▶ [Dataset content]
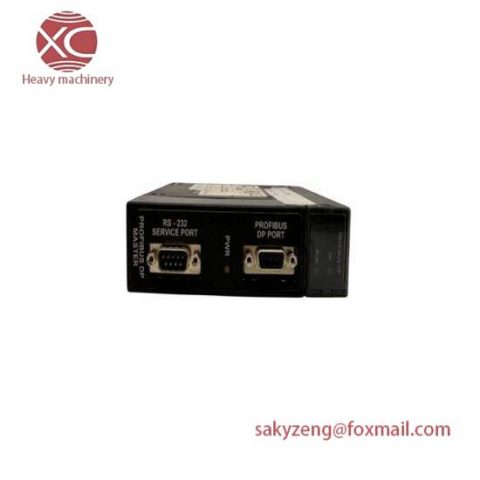 GE-FANUC HE693PBM101 Profibus DP Master Module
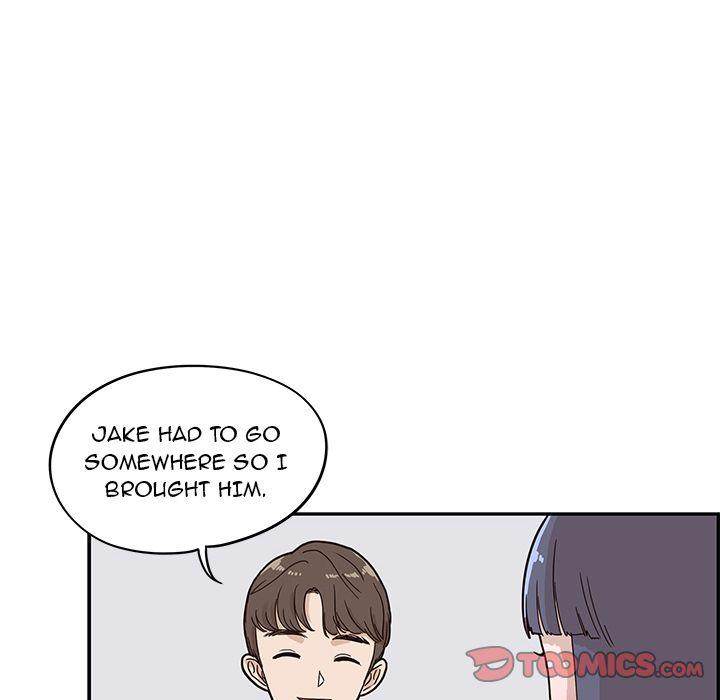 His Women’s University - Chapter 30 Page 62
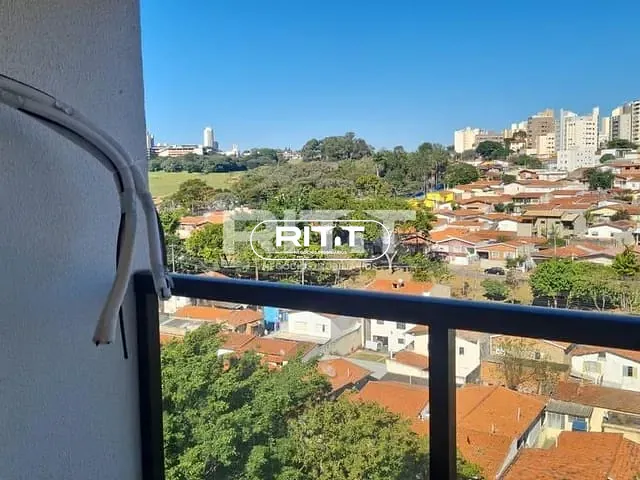 Apartamento com 53m² 2 quartos e 1 banheiro, à venda, no bairro Parque Brasília em Campinas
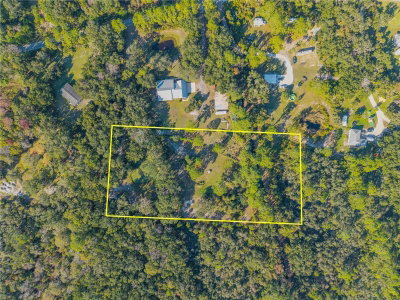 CLINTON CEMETERY RD., Edgewater, FL, 32141 — photo 2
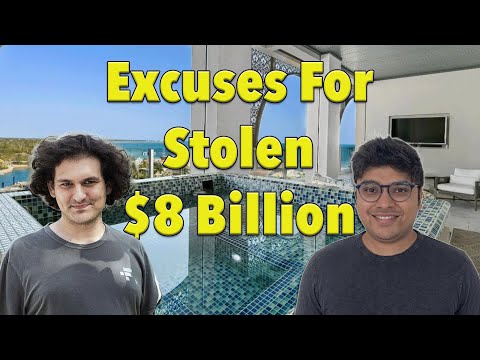 Sam Bankman-Fried asked FTX's lawyer to explain away stolen funds (feat. Danny Nelson) - Episode 137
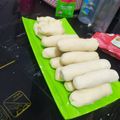 Cooksnap dari Junitra Suhendri untuk resep Pempek Dos (Tanpa Ikan)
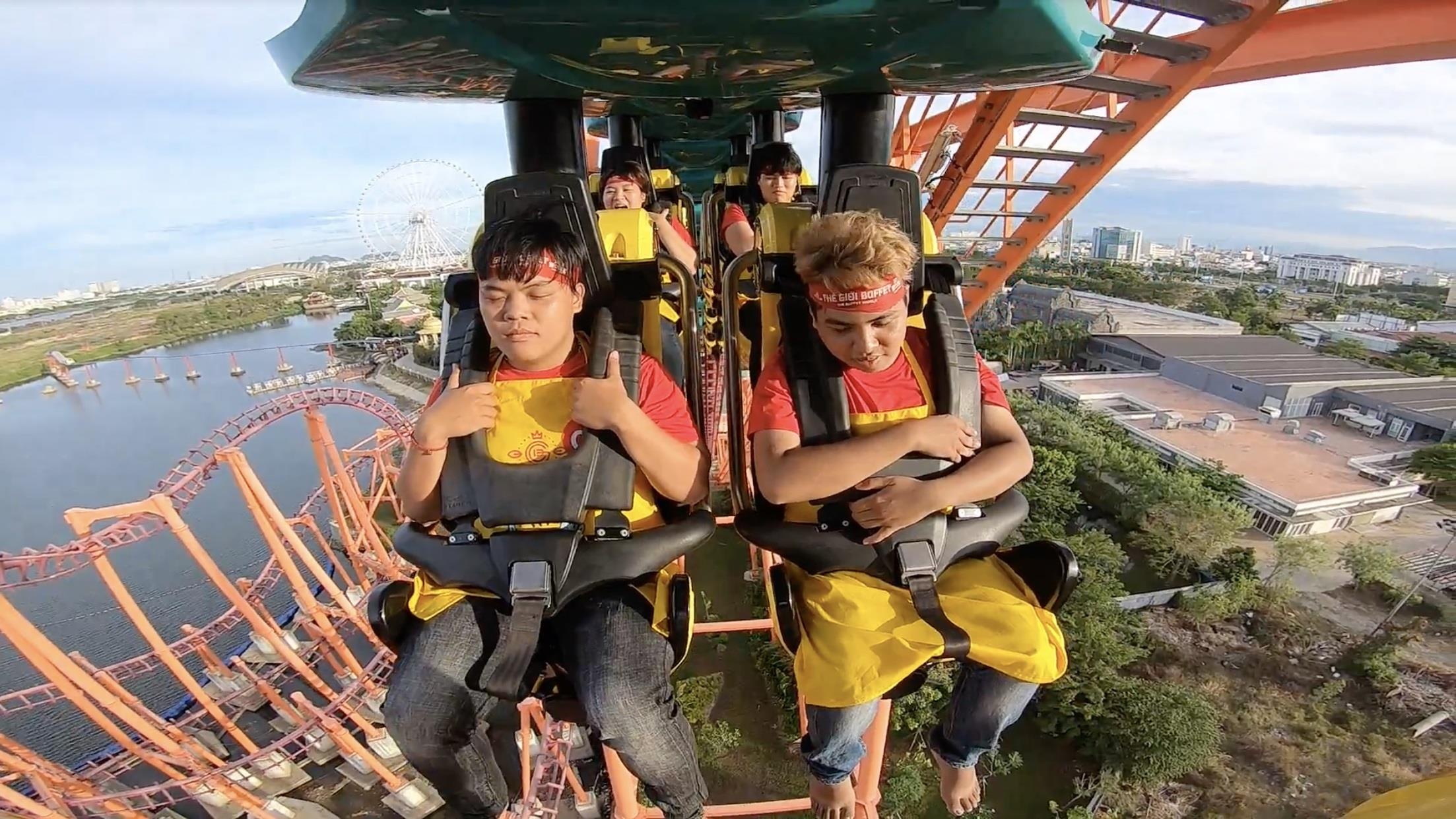 Thế giới buffet ảnh 3 The gioi buffet anh 3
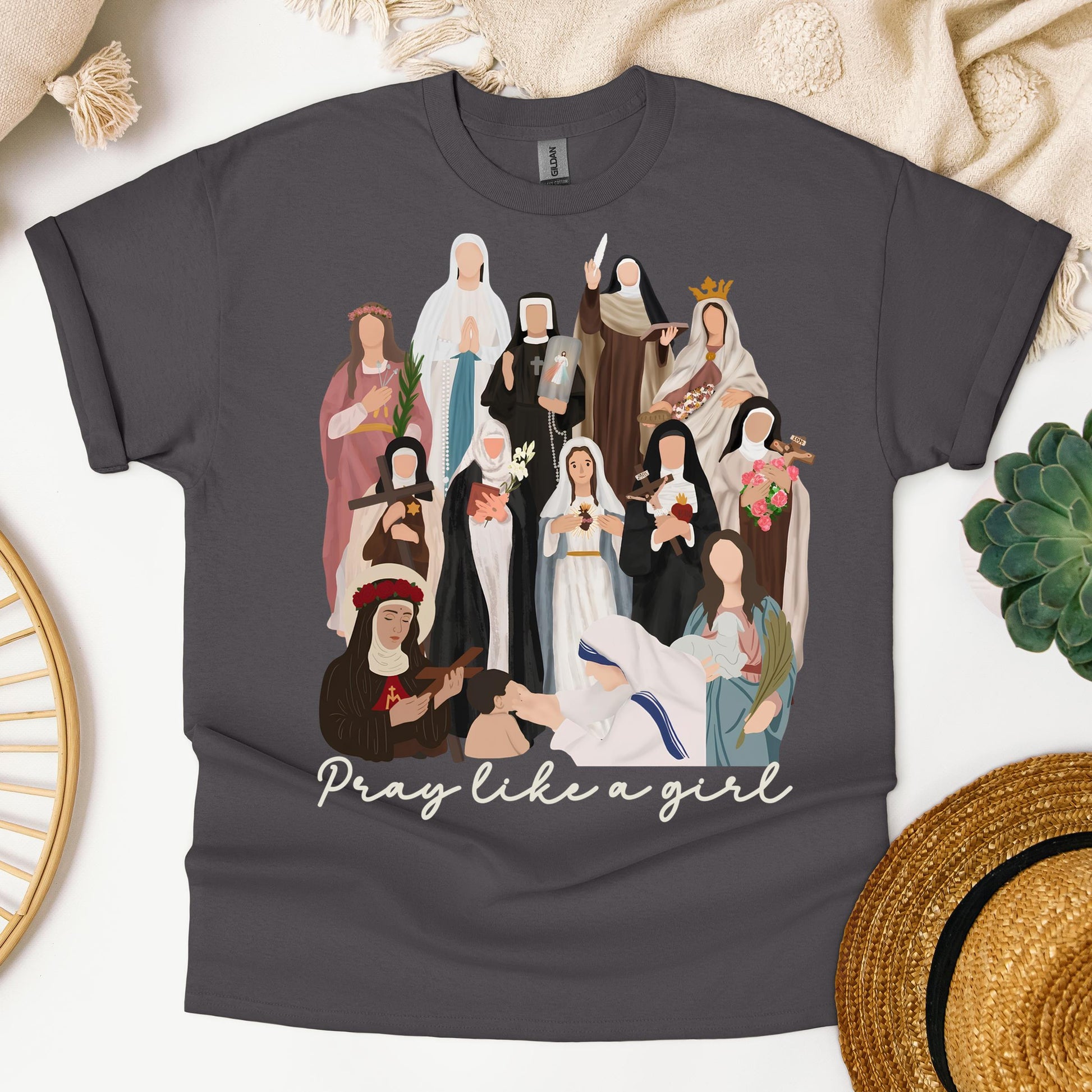 Pray Like A Girl 03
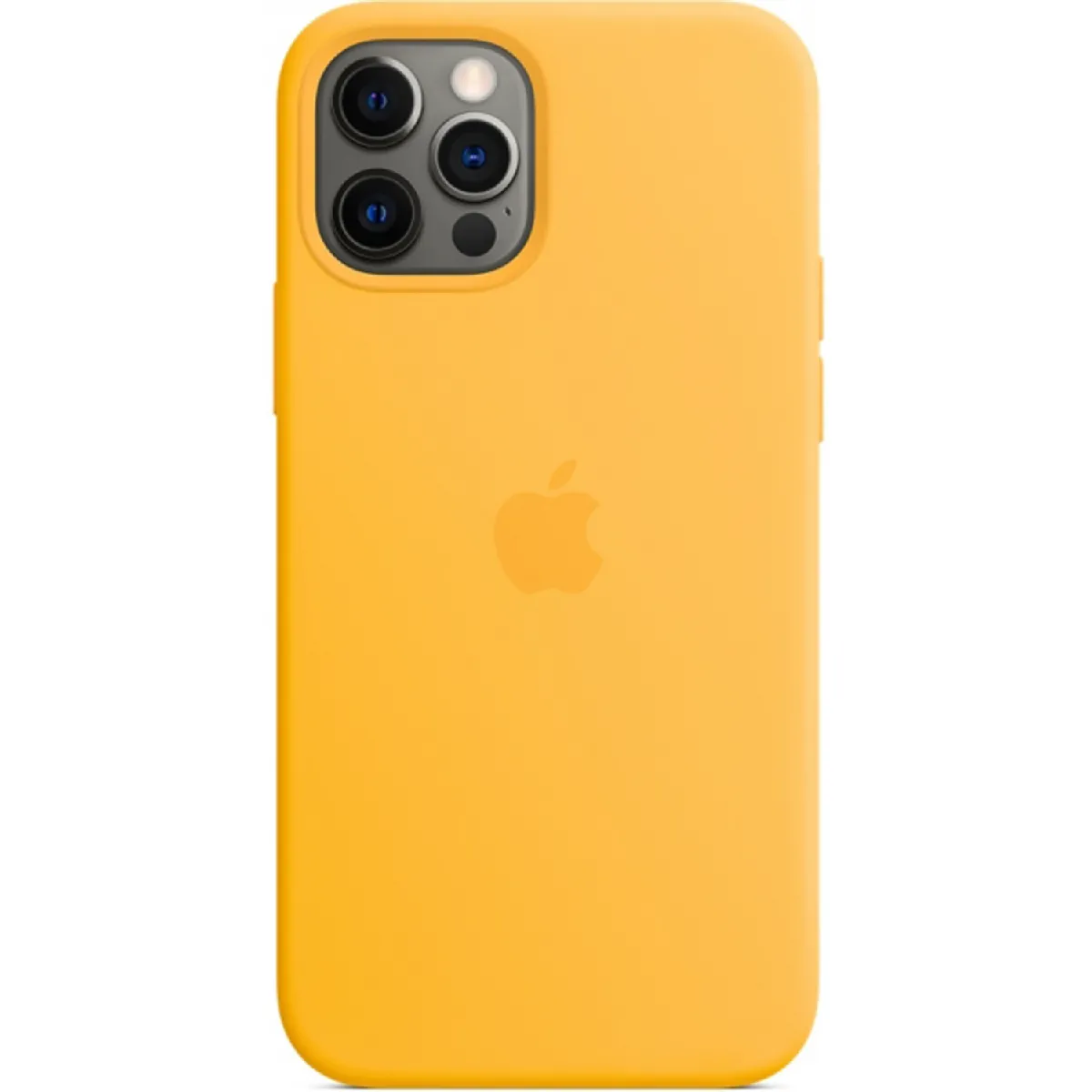 APPLE Coque Silicone MagSafe iPhone 12 - vue 4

▶ [Work instruction] When you return the listing, keep each line exact and leave the pictures out.

▶ [Exercise answer]
 GE-FANUC HE693PBM101 Profibus DP Master Module
 His Women’s University - Chapter 30 Page 62
 Apartamento com 53m² 2 quartos e 1 banheiro, à venda, no bairro Parque Brasília em Campinas
 CLINTON CEMETERY RD., Edgewater, FL, 32141 — photo 2
 Sam Bankman-Fried asked FTX's lawyer to explain away stolen funds (feat. Danny Nelson) - Episode 137
 Cooksnap dari Junitra Suhendri untuk resep Pempek Dos (Tanpa Ikan)
 Thế giới buffet ảnh 3 The gioi buffet anh 3
 Pray Like A Girl 03
 APPLE Coque Silicone MagSafe iPhone 12 - vue 4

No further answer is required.